YOUR ASSIGNMENT → Span requested from the data below: the line with "First Day At" through the line with "Carpinus caroliniana", both included. Give only these lines again, exactly, and leave every picture out.

DATA FOR THIS EXERCISE →
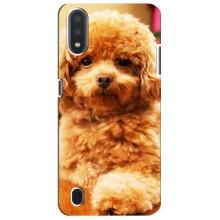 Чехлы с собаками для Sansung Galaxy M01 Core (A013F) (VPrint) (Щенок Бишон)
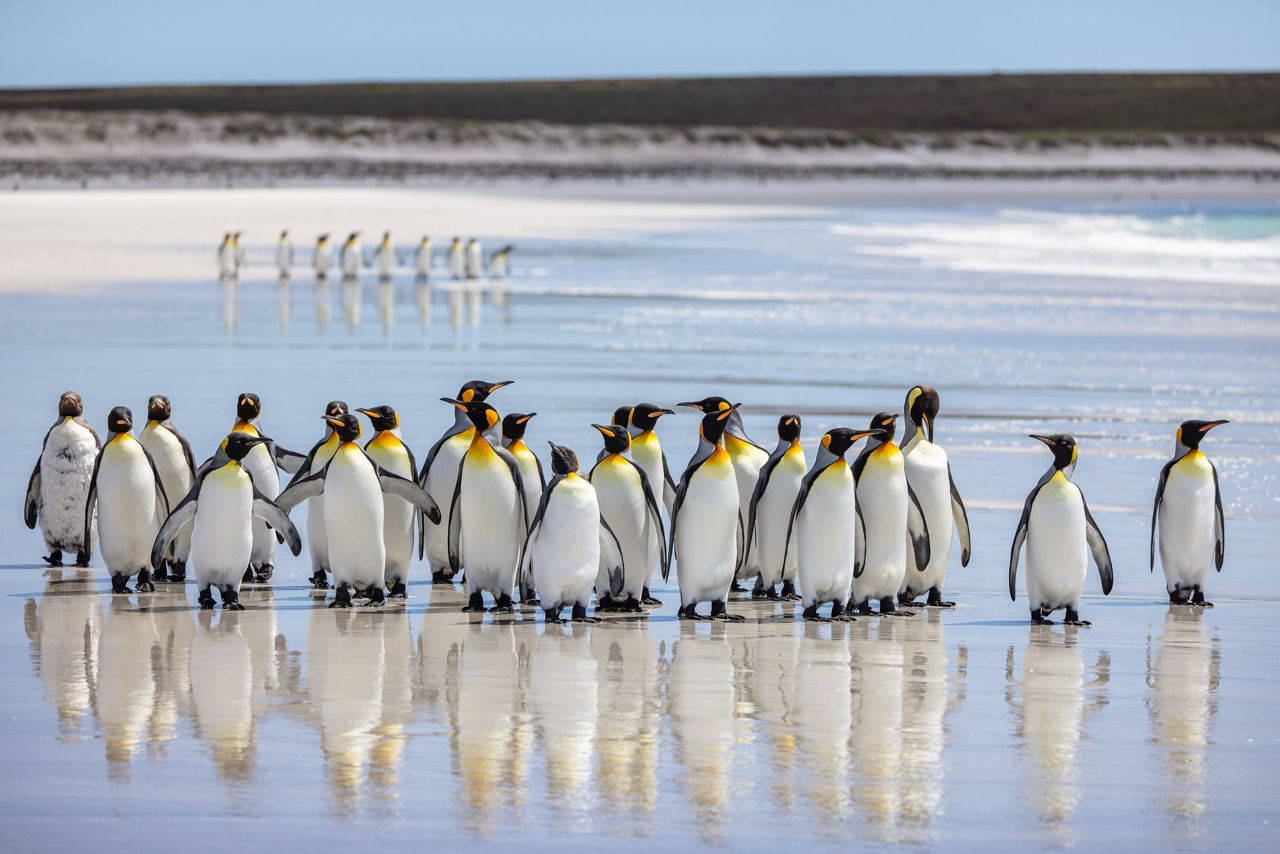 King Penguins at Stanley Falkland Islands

--

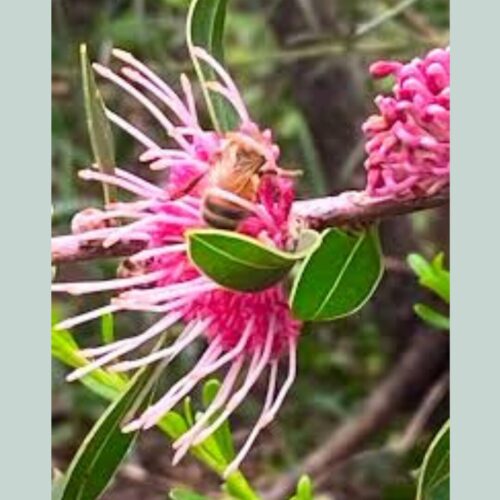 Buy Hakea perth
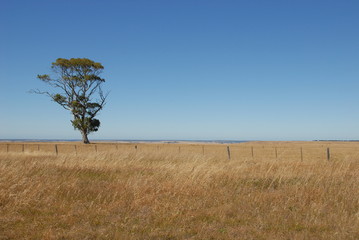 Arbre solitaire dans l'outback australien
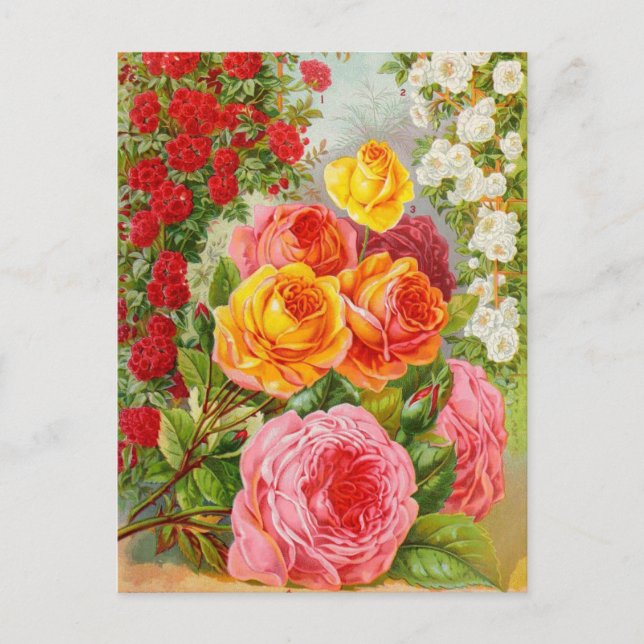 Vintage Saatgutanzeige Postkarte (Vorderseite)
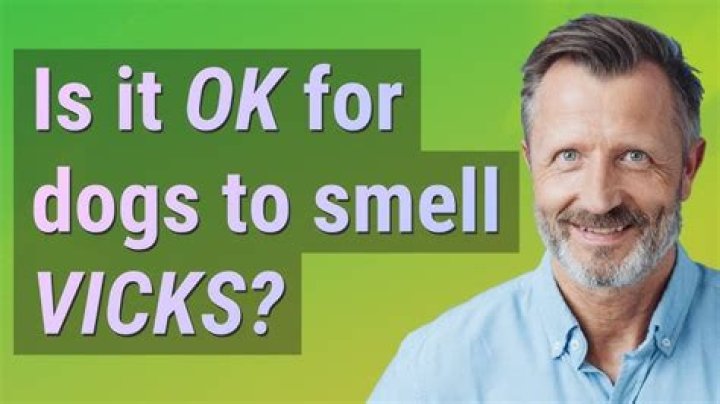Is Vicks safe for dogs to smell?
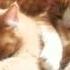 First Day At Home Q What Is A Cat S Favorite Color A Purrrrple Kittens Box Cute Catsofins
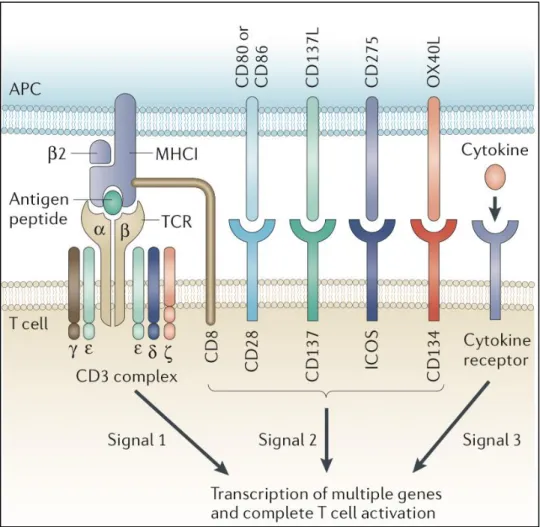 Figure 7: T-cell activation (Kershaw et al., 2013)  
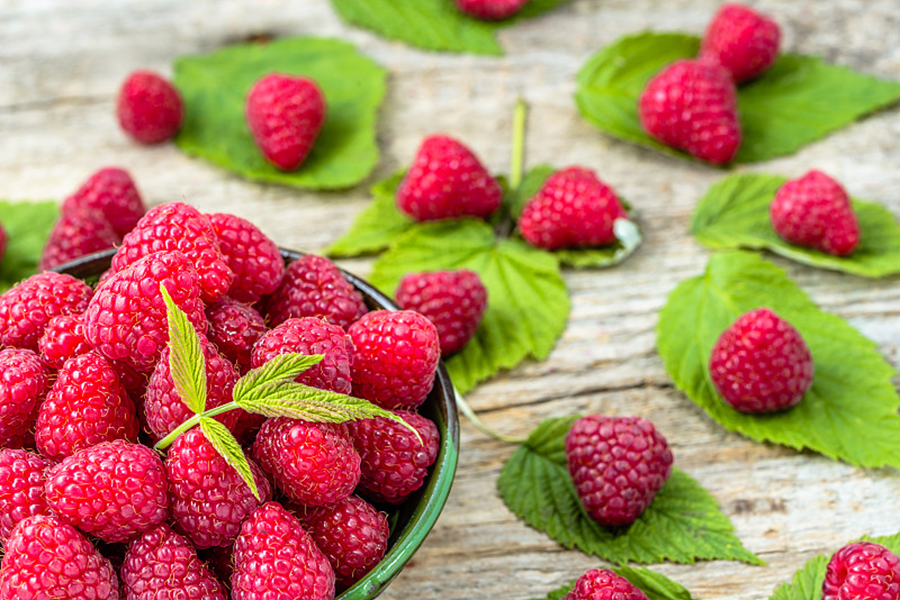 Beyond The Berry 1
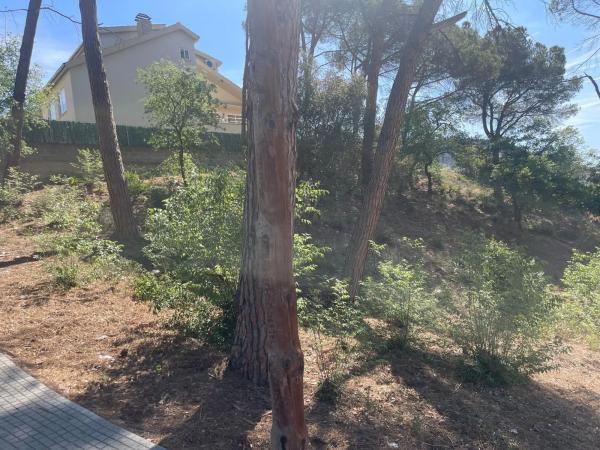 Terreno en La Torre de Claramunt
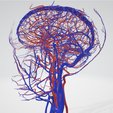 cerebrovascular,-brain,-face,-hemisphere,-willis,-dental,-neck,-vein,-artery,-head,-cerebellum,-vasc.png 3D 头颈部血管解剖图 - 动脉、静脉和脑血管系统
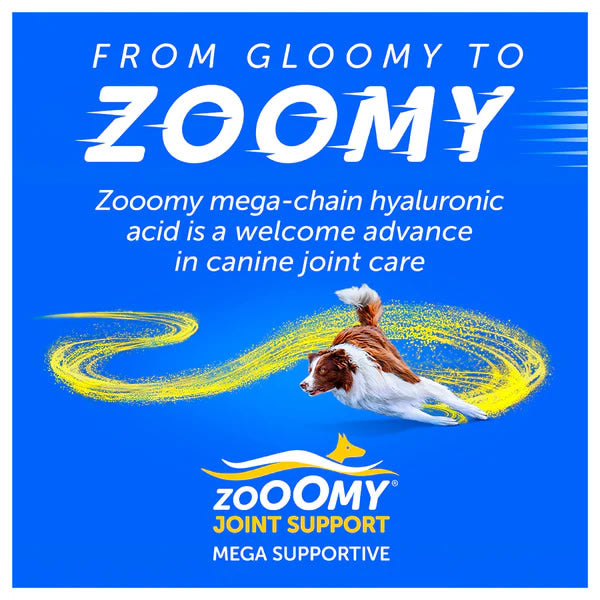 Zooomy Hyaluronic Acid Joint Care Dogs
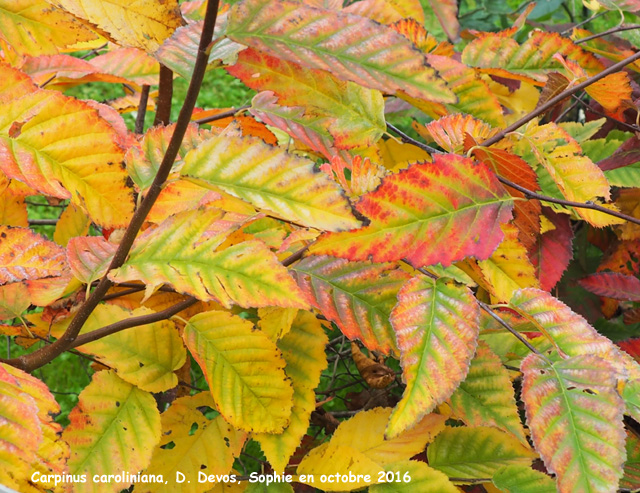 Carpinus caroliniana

* * *

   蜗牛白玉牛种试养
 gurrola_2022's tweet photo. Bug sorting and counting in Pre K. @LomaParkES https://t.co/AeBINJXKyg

OUTPUT FOR THIS EXERCISE →
 First Day At Home Q What Is A Cat S Favorite Color A Purrrrple Kittens Box Cute Catsofins
 Figure 7: T-cell activation (Kershaw et al., 2013)  
 Beyond The Berry 1
 Terreno en La Torre de Claramunt
 cerebrovascular,-brain,-face,-hemisphere,-willis,-dental,-neck,-vein,-artery,-head,-cerebellum,-vasc.png 3D 头颈部血管解剖图 - 动脉、静脉和脑血管系统
 Zooomy Hyaluronic Acid Joint Care Dogs
 Carpinus caroliniana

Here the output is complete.